- _Data excerpt_:
------------------------------------------------

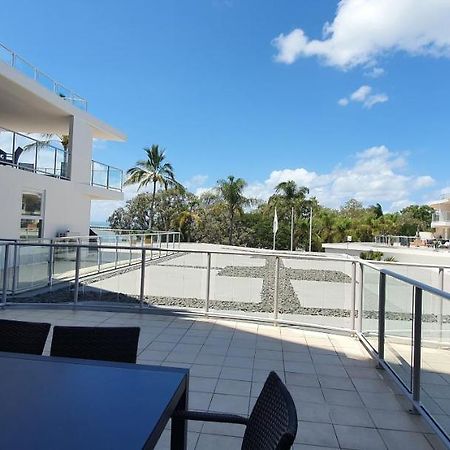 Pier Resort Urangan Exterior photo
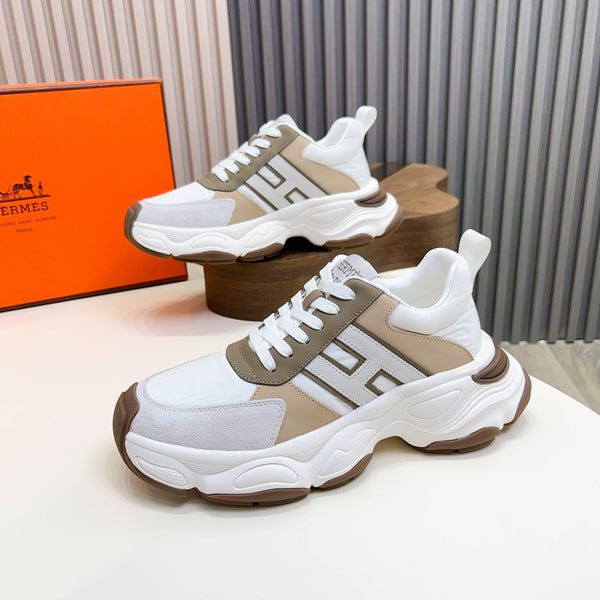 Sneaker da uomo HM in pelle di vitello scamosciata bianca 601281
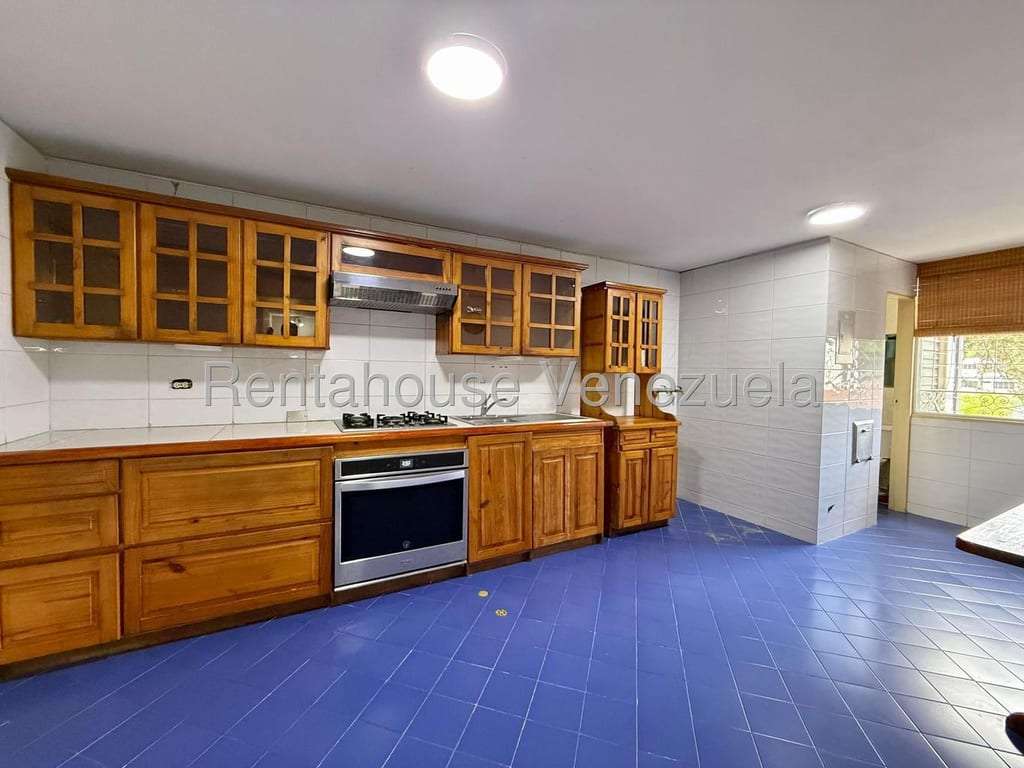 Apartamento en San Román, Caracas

------------------------------------------------

- _The problem_: The answer is the full listing above, repeated exactly, with its pictures removed.

- _Exercise output_:
 Pier Resort Urangan Exterior photo
 Sneaker da uomo HM in pelle di vitello scamosciata bianca 601281
 Apartamento en San Román, Caracas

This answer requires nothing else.